Scripts for data quality investigation are in ./validation.
- validation_combined.py outputs the base type, semantic type, valid/invalid/null for each value in a specified column in a specified monthly data file.
It is run by: "spark-submit validation_combined.py <color> <column> <output directory>
where color is green or yellow
column is the lowercase name of the columnof interest: e.g. pickup_longitude
output directory is where you would like to see your output in the hdfs: e.g. user/sl4964
-
aggregation.py takes the output from validation_combined.py and counts the total number of each unique *base type + semantic type + validity type* combination. An example output file from aggregation.py looks like this:
Decimal,Distance/Currency/Lat/Long,VALID,212185502
Integer,Count,NULL,3293115
Decimal,Distance/Currency,VALID,37220
Decimal,Distance/Currency,INVALID,1
Integer,LowID/Count/LocationID,INVALID,3
Decimal,Distance/Currency/Lat/Long,INVALID,3628
Decimal,None,INVALID,3
Decimal,Lat/Long,INVALID,37
* "/" indicates an ambiguous semantic type, in which case the correct semantic type for each column is then inferred from the majority values.
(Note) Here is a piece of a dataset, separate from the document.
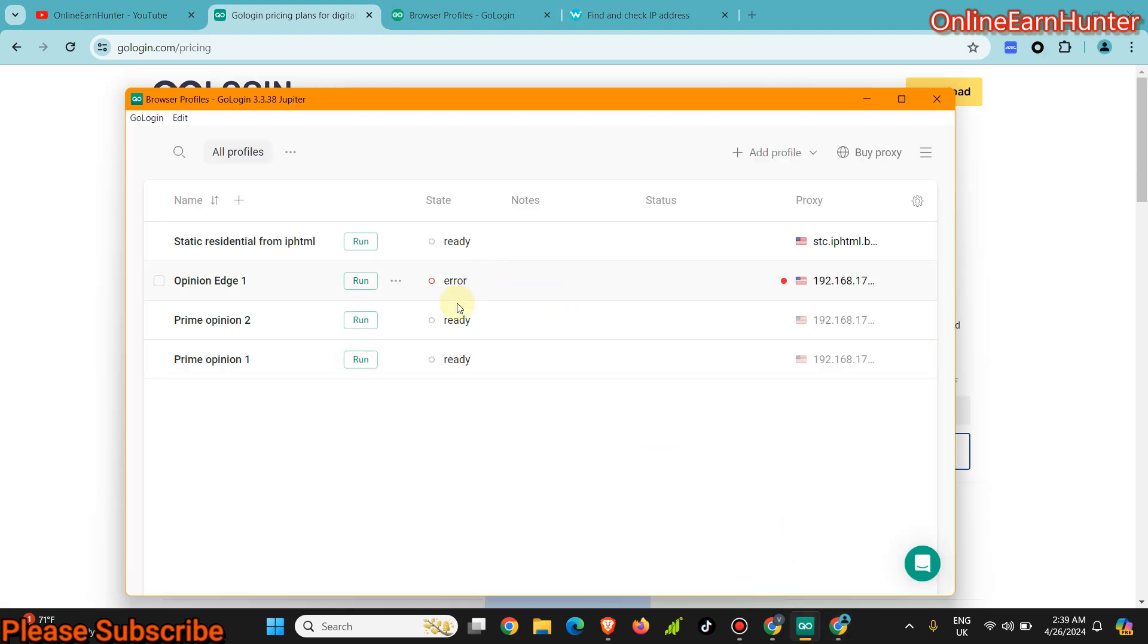I'm going to pin the promo code under the video description. If you're going to use the promo code, you're going to get a discount. I'm not going to say the discount amount, I want you to try it out and see the discount you're going to get when you're buying your first plan on GoLogin using my promo code.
- validation_green_all_cols.sh and validation_yellow_all_cols.sh run validation_combined.py and aggregation.py for each column in the data to generate all the relevant output.
- format_validation_results.py formats the final output produced by running all the scripts as specified in validation_green_all_cols.sh and validation_yellow_all_cols.sh. The script combines the separate .out files into one and produces totals formatted for latek.
Trips per Day and Trips per Month
The following pyspark code should be run using an HPC cluster such as NYU's Dumbo cluster:
- by_date_pickup_fhv.py
- by_date_pickup_green.py
- by_date_pickup_yellow.py
- by_minute.py
- nhbr_data_PySpark.py
Run using the commands:
- spark-submit by_date_pickup_fhv.py
- spark-submit by_date_pickup_green.py
- spark-submit by_date_pickup_yellow.py
- spark-submit by_minute.py
- spark-submit nhbr_data_PySpark.py
This produces the following output files:
- by_date_pickup_fhv.out
- by_date_pickup_yellow.out
- by_date_pickup_green.out
- avg_tra_day.out
- yellow_2016
Place each output file with the name unchanged in the same directory as the following visualization code:
trips_per_day_and_month_viz.py
And run the code using this command:
python trips_per_day_and_month_viz.py
You should see Pickups_per_Day.png and Pickups_per_Month.png appear in the same directory.
Trips by Borough
The following pyspark code should be run using an HPC cluster such as NYU's Dumbo cluster:
- by_location.py
Run using the command: spark-submit by_location.py
This produces the output file by_borough.out.
Place the output file with the name unchanged in the same directory as the following visualization code:
by_borough_viz.py
And run the code using this command:
python by_borough_viz.py
You should see heatmap_borough_all.png and heatmap_borough_exc_manhattan.png appear in the same directory.
Trips per Day and Month, Citi Bike included.
The citi bike data can be downloaded here: https://www.citibikenyc.com/system-data
It is also saved on Dumbo in /user/cer446/citibike/
In addition to previous spark scripts for the taxi data, run the following spark script for the citibike data:
by_date_citibike.py
Run using the command: spark-submit by_date_citibike.py
And run the following python script to aggregate and visualize results:
trips_per_day_and_month_viz_part2.py
Place the output file with the name unchanged in the same directory as the following visualization code:
python trips_per_day_and_month_viz_part2.py
And run the code using this command:
python trips_per_day_and_month_viz_part2.py
You should see Trips_Per_Month_all.png and Trips_Over_Time_Transportation_Method.png appear in the same directory.
For the pickup location comparison, run spark scripts pickup_long_lat_citi.py and pickup_by_long_lat.py
The ipynb file Scatterplot+Cab+Locations.ipynb creates the scatterplot of top pickup locations for citi bike and cabs.